◆ Task prompt
Output every entry exactly as written, skipping any pictures.

◆ Records to use
● ● ● ● ● ● ●
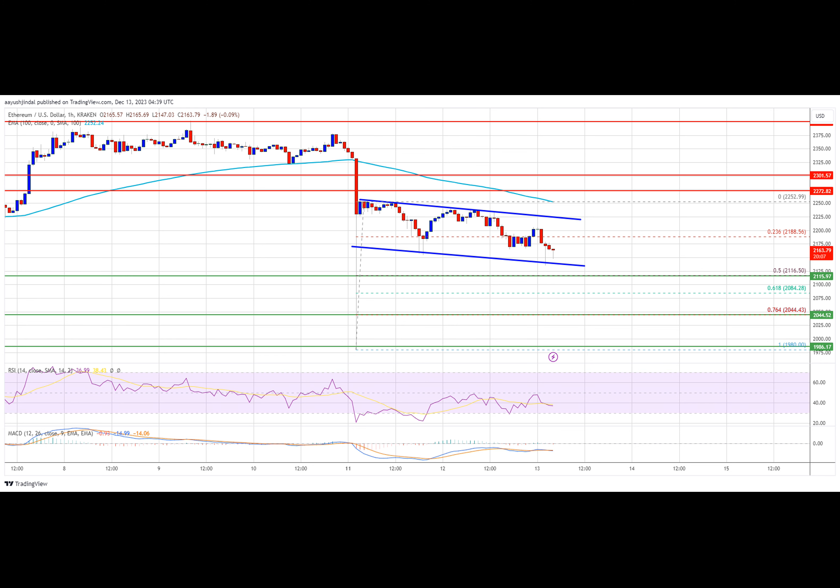The major support level is $2,120. The major resistance level is $2,225, and the main support level remains at $2,120.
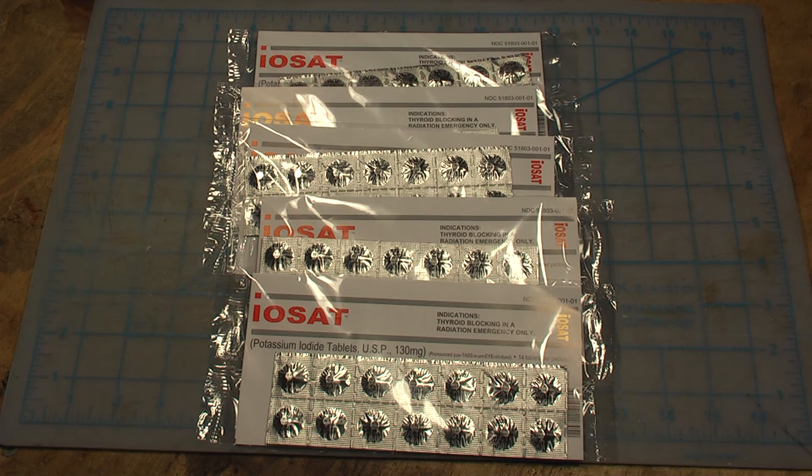So this stuff is pretty handy to have, and it lasts a while as long as you keep it sealed. Because iodine does oxidize, and as it oxidizes you're going to lose effectiveness over time. If it's exposed to air, these pills become worthless. So you want to keep it sealed up like it is.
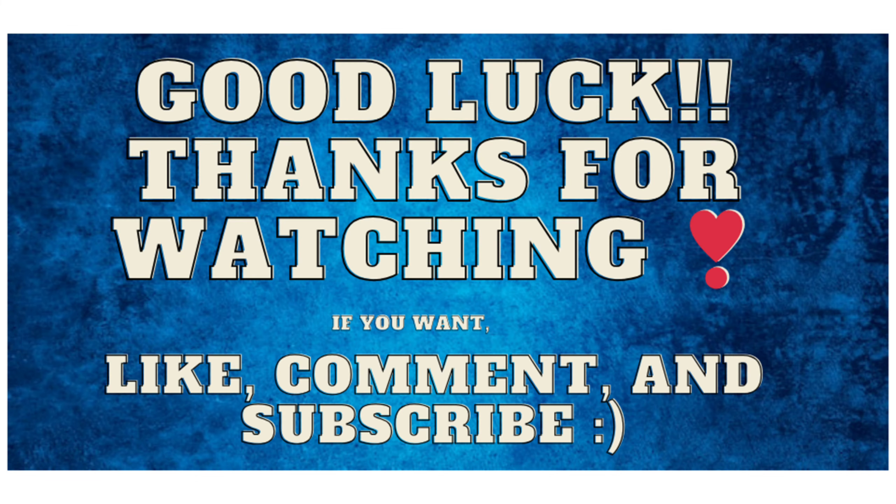So there you have it, a guide to making money online. Remember that success in the online world often takes time, effort, and persistence. Be cautious of scams, do your research, and always invest in your skills and knowledge. If you found this video helpful, please give it a thumbs up, and don't forget to subscribe for more tips and advice on various online income opportunities.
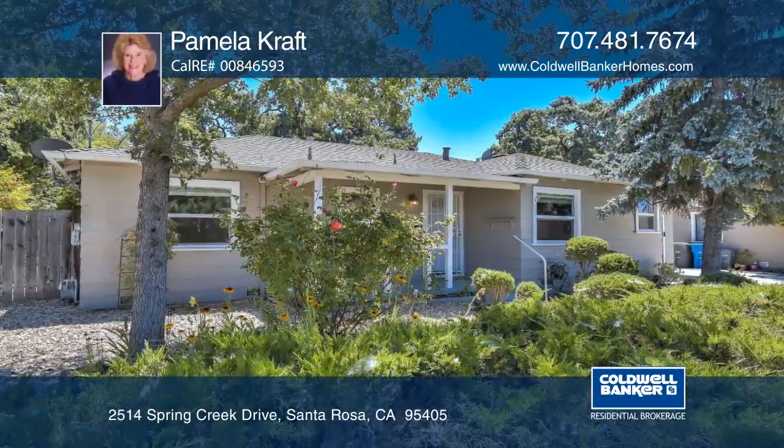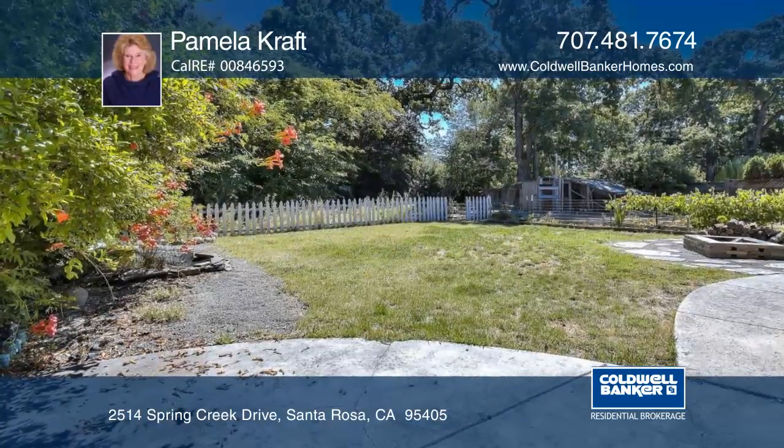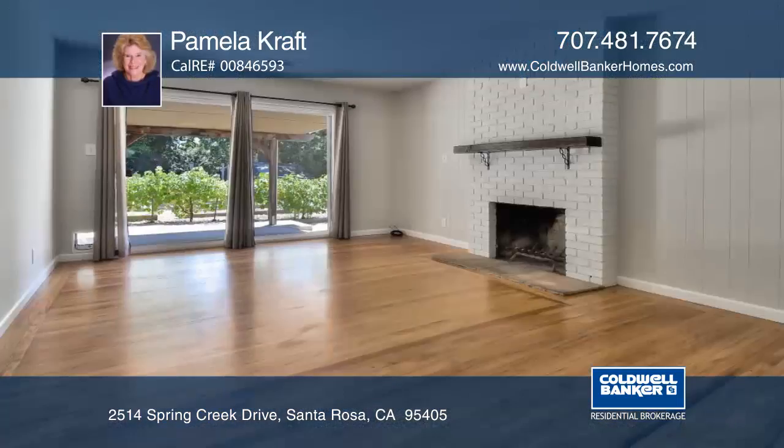This Montgomery Village single-story rancher offers three bedrooms and two baths. A covered patio area, lawn, pond, chicken coop, and vegetable beds make this an outdoor haven in the middle of the city.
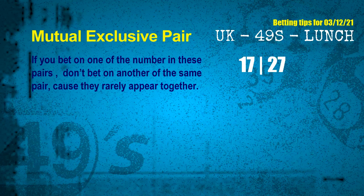Now we have some following ones and ball colors. Here are some tips to increase your hit odds, such as mutual exclusive pairs. These numbers in a pair both match the following ones and colors, but according to thousands of results, they rarely appear together. This means if you bet on one of them, don't bet on the other in the same pair. The mutual exclusive pair for the next draw is 17 and 27.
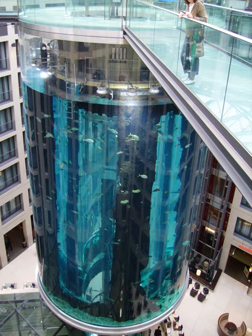The AquaDom in Berlin, Germany, is a 25-meters tall cylindrical acrylic glass aquarium with a built-in transparent elevator. It is located inside the Radisson Blue Hotel in the Domaquare Complex at Karl-Liebknecht-Strasse in Berlin Mitte. The Domaquare Complex also contains offices, a museum, a restaurant, and the Aquarium Berlin Sea Life Center.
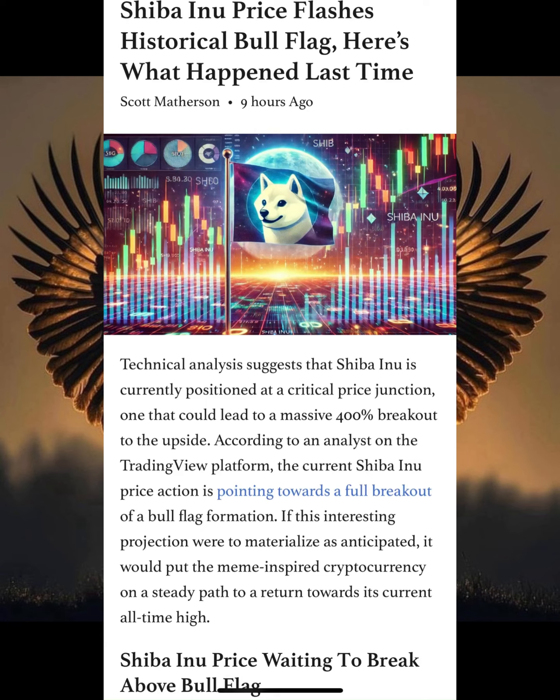Technical analysis suggests that SHIB is currently positioned at a critical price junction, one that could lead to a massive 400% breakout to the upside. According to the analysis on TradingView, the current Shiba Inu price action is pointing toward a full breakout of a bull flag formation. If this projection were to materialize as anticipated, it would put the meme-inspired cryptocurrency on a steady path to return toward its current all-time high.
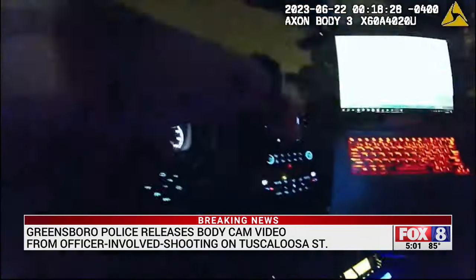We're choosing not to show you the next piece of this video when Roberson is on the ground before EMS gets there, but Corrigan does do CPR to try to save Roberson. You can also see that black gun — that's what the officer saw Roberson carrying — under the car.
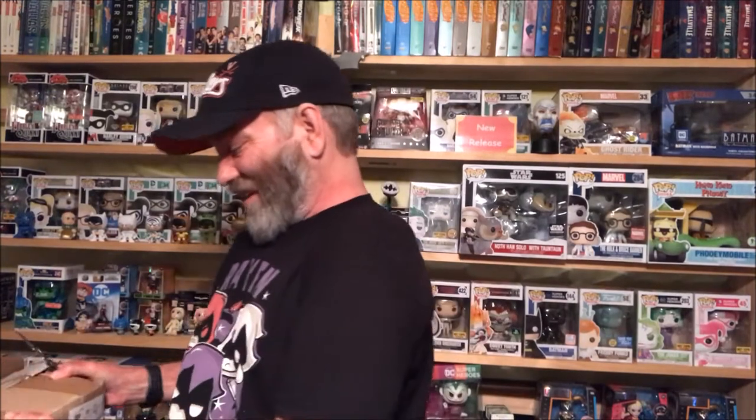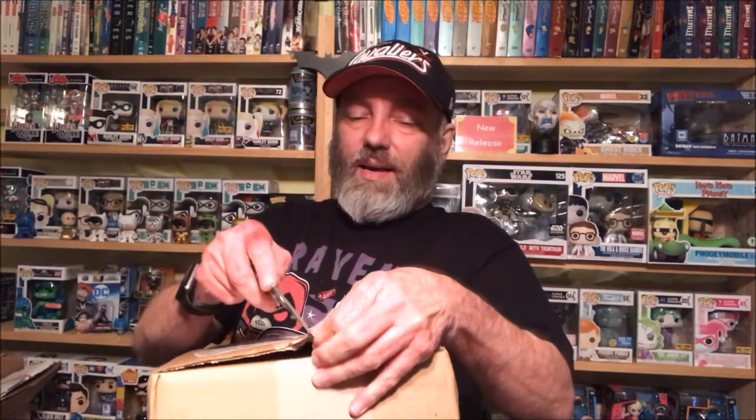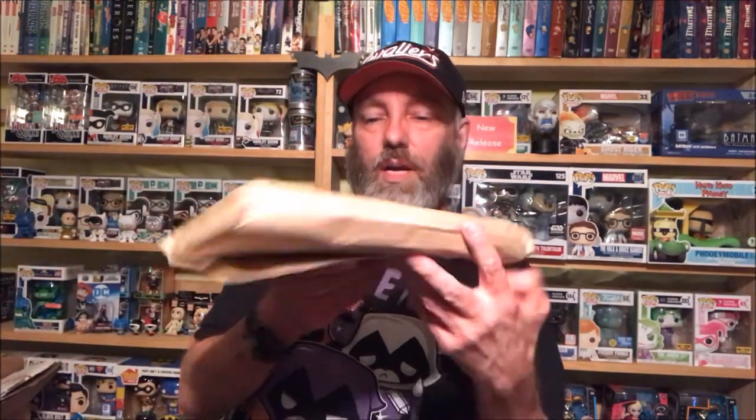Hey everybody, this is Daryl aka the D from the Simply Incredible Podcast, and today we got our weekly comic book haul. It's not a lot to it this week — I've been trying to cut back a little bit. Next week I've got a bigger haul, but after that we're really going to cut it way back down. As you guys know, I'm getting ready for Heroes Con down in Charlotte — that's the middle of next month, cannot wait. If any of you guys are going, definitely let me know, I'd love to hang out and chat about comics, figures, whatever. Very small comic book haul this week — Midtown Comics, let's see what we got.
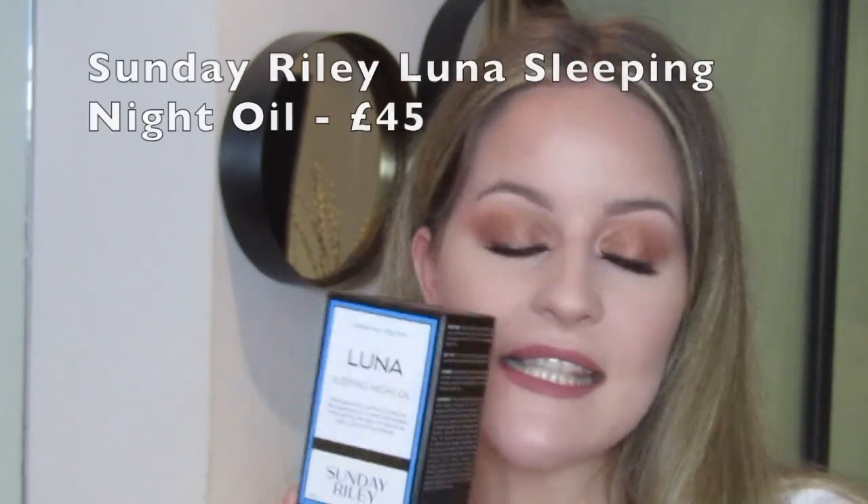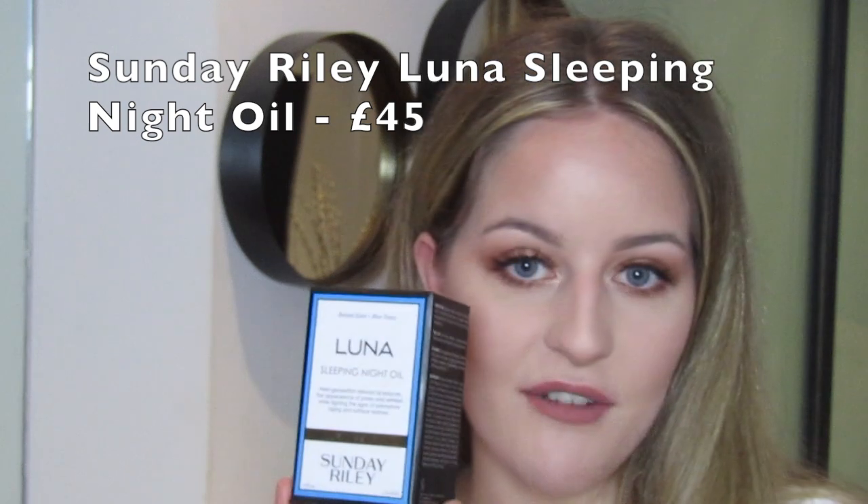After a lot, a lot, a lot of googling for about two weeks, I came across this product. This is the Sleeping Night Oil by Sunday Riley — it's the Luna Oil — and I have been using it every night for about three to four weeks now, and I love it. I really think that it has made a difference to my skin. I can see that my pores have shrunk and that my skin is generally a lot brighter.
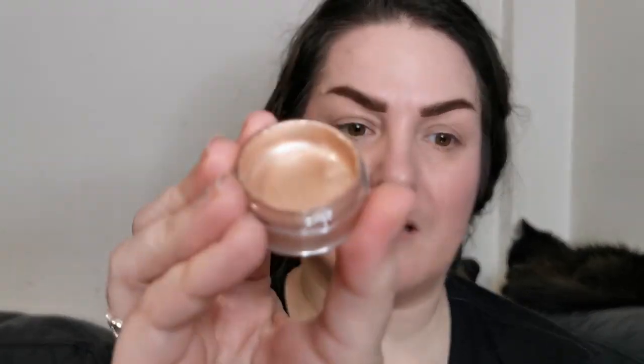So next we are using the jelly highlighter. I haven't got my glasses on so I don't think I can see the colour, but this is the jelly highlighter. I have used this already and I have to say it is beautiful. It is more on the sparkly side when you put it on, but look how that blends in. I did put a little bit too much on straight off the bat, but so pretty, so pretty.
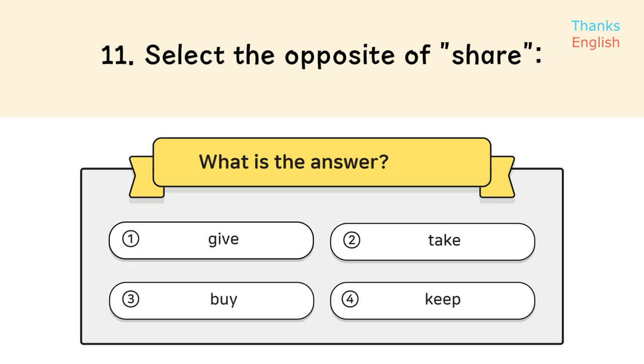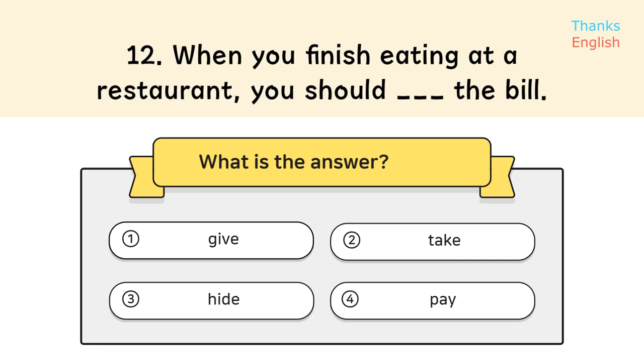Question 11. Select the opposite of share. Question 12. When you finish eating at a restaurant, you should pay the bill. Answer: 4. Pay.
● ● ● ● ● ● ●
◆ Solution to this problem
The major support level is $2,120. The major resistance level is $2,225, and the main support level remains at $2,120.
So this stuff is pretty handy to have, and it lasts a while as long as you keep it sealed. Because iodine does oxidize, and as it oxidizes you're going to lose effectiveness over time. If it's exposed to air, these pills become worthless. So you want to keep it sealed up like it is.
So there you have it, a guide to making money online. Remember that success in the online world often takes time, effort, and persistence. Be cautious of scams, do your research, and always invest in your skills and knowledge. If you found this video helpful, please give it a thumbs up, and don't forget to subscribe for more tips and advice on various online income opportunities.
This Montgomery Village single-story rancher offers three bedrooms and two baths. A covered patio area, lawn, pond, chicken coop, and vegetable beds make this an outdoor haven in the middle of the city.
Now we have some following ones and ball colors. Here are some tips to increase your hit odds, such as mutual exclusive pairs. These numbers in a pair both match the following ones and colors, but according to thousands of results, they rarely appear together. This means if you bet on one of them, don't bet on the other in the same pair. The mutual exclusive pair for the next draw is 17 and 27.
The AquaDom in Berlin, Germany, is a 25-meters tall cylindrical acrylic glass aquarium with a built-in transparent elevator. It is located inside the Radisson Blue Hotel in the Domaquare Complex at Karl-Liebknecht-Strasse in Berlin Mitte. The Domaquare Complex also contains offices, a museum, a restaurant, and the Aquarium Berlin Sea Life Center.
Technical analysis suggests that SHIB is currently positioned at a critical price junction, one that could lead to a massive 400% breakout to the upside. According to the analysis on TradingView, the current Shiba Inu price action is pointing toward a full breakout of a bull flag formation. If this projection were to materialize as anticipated, it would put the meme-inspired cryptocurrency on a steady path to return toward its current all-time high.
We're choosing not to show you the next piece of this video when Roberson is on the ground before EMS gets there, but Corrigan does do CPR to try to save Roberson. You can also see that black gun — that's what the officer saw Roberson carrying — under the car.
Hey everybody, this is Daryl aka the D from the Simply Incredible Podcast, and today we got our weekly comic book haul. It's not a lot to it this week — I've been trying to cut back a little bit. Next week I've got a bigger haul, but after that we're really going to cut it way back down. As you guys know, I'm getting ready for Heroes Con down in Charlotte — that's the middle of next month, cannot wait. If any of you guys are going, definitely let me know, I'd love to hang out and chat about comics, figures, whatever. Very small comic book haul this week — Midtown Comics, let's see what we got.
After a lot, a lot, a lot of googling for about two weeks, I came across this product. This is the Sleeping Night Oil by Sunday Riley — it's the Luna Oil — and I have been using it every night for about three to four weeks now, and I love it. I really think that it has made a difference to my skin. I can see that my pores have shrunk and that my skin is generally a lot brighter.
So next we are using the jelly highlighter. I haven't got my glasses on so I don't think I can see the colour, but this is the jelly highlighter. I have used this already and I have to say it is beautiful. It is more on the sparkly side when you put it on, but look how that blends in. I did put a little bit too much on straight off the bat, but so pretty, so pretty.
Question 11. Select the opposite of share. Question 12. When you finish eating at a restaurant, you should pay the bill. Answer: 4. Pay.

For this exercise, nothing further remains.